As promised in my last post on the importance of incorporating multimodal assignments into the classroom, I am dedicating this post to a multimodal composition of my own! I thought that, since I am wrapping up my blog series on 21st century literacies, it might be time to blog about something a little more interesting than my own general thoughts and research on said literacies. This is also the blog post in which I confess that it was not so long ago that I would have stood with the crew that said things like, "Seriously? A video project? This is why modern students can't write; because we assign things like video projects." Composing multimodally was totally foreign to me. I had no experience with it and, because of that, I had absolutely no meaningful knowledge of the process that went into it. This was mostly prior to my taking the majestic Tanya Rodrigue's digital writing class, in which I was asked to complete this assignment as well as fundamentally challenge my understanding of what it meant to compose something.
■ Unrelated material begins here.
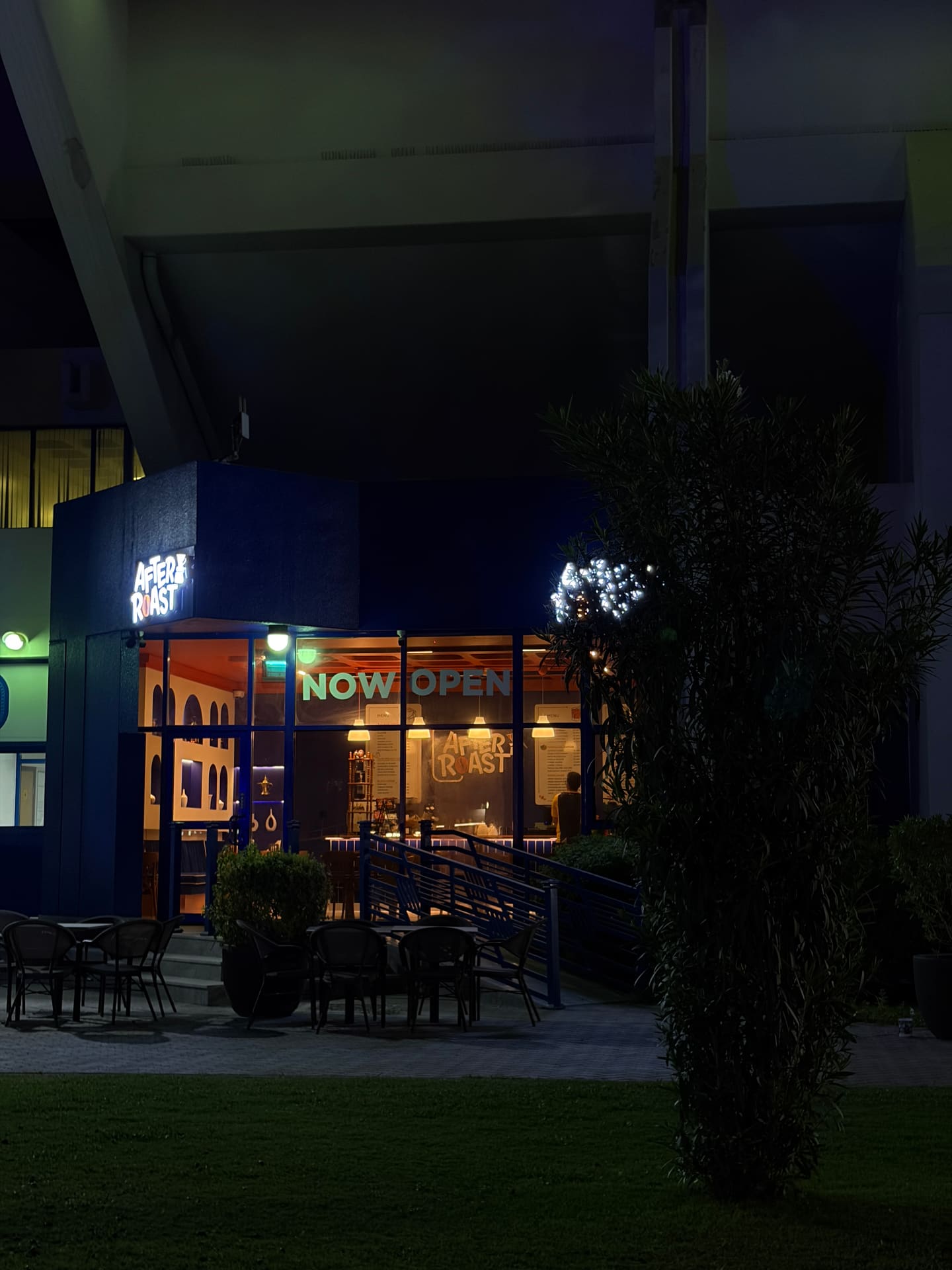 The After Roast corner unit seen at night from across the lawn, outdoor tables and chairs set out under the illuminated sign.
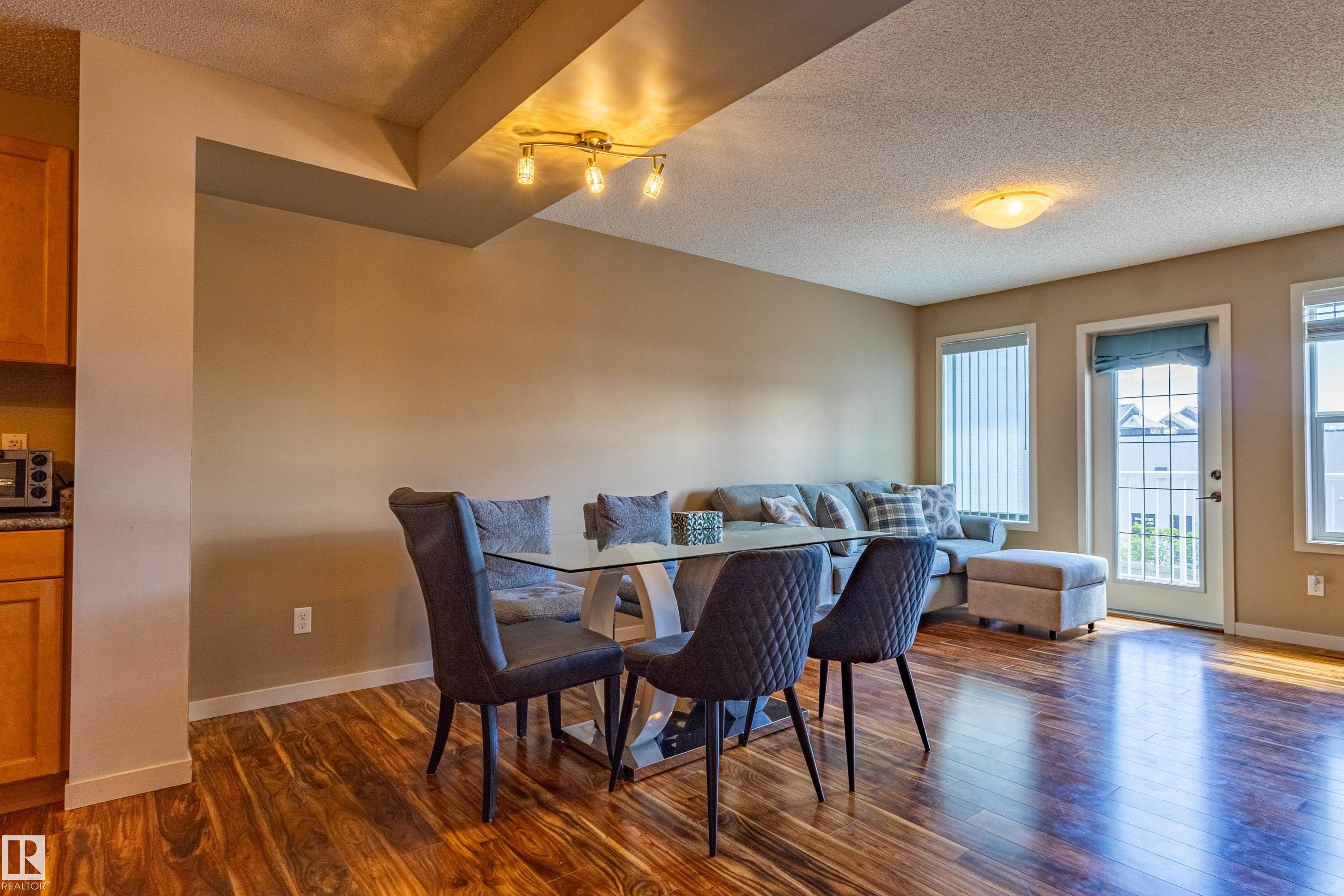 Open concept living area with wood-finish flooring - 13 1816 Rutherford Road, Edmonton, AB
The assignment is called "Concept in 60" and was designed by Dr. Scott DeWitt. The task is to create a 60-second video that illustrates a concept, any concept you’d like. Your video may take a critical, reflective and/or interpretive approach to the subject matter, but you need to follow these rules:
1. Your video MUST be 60 seconds–not one second more, not one second less. 2. You must strip your video of all actual/matching audio. You may layer audio in your project as long as you avoid all video/audio matching. 3. You must include a title screen somewhere in your video. You must also give yourself credit as the video artist/composer somewhere in the video text. 4. You must secure permissions for all materials used in your project by their rightful owner or use creative commons and public domain material. Also, you must include a works cited page for all materials used in the project.
I came up with this:
I love it and I loved the process of making it, as I imagine most high school students would. Videos are cool; everyone loves them. However, the thing that made this assignment productive for my personal composition skills was the accompanying reflection paper. In this paper, I was asked to think about the choices I had made when composing this video project and tie those choices back to some very literary strategies and scholarly research. I was asked to become aware of the process I went through, concretizing some of my relatively savvy (if I do say so myself) decisions. This involved me thinking critically about how I identified my purpose, structured my argument, appealed to my audience, and concluded my thoughts. I noticed points in which I used symbols and how those symbols made my composition more effective. By the end of the whole reflection, I was aware of how complex and intentional my process had been; it was very essay-like and I hadn't even noticed. I began to think how equipped I would be if someone then asked me to write an essay outlining the idea of home. I was prepared to write something fairly complex and compelling.
As a writer, I learned so much from this process. I believe that the secret to strong multimodal assignments in the classroom lies in the reflective paper. Modern high school students are smart; they can often toss together a compelling video or audio project with minimal guidance. Let's not dismiss that as irrelevant, but let's also not accept that without analysis. Let's channel their abilities and ask them to reflect on what strategies they are using to compose something effective or powerful. If our assignments ask this well, students will learn how those strategies can be applied to other types of compositions, making multimodality an invaluable classroom tool.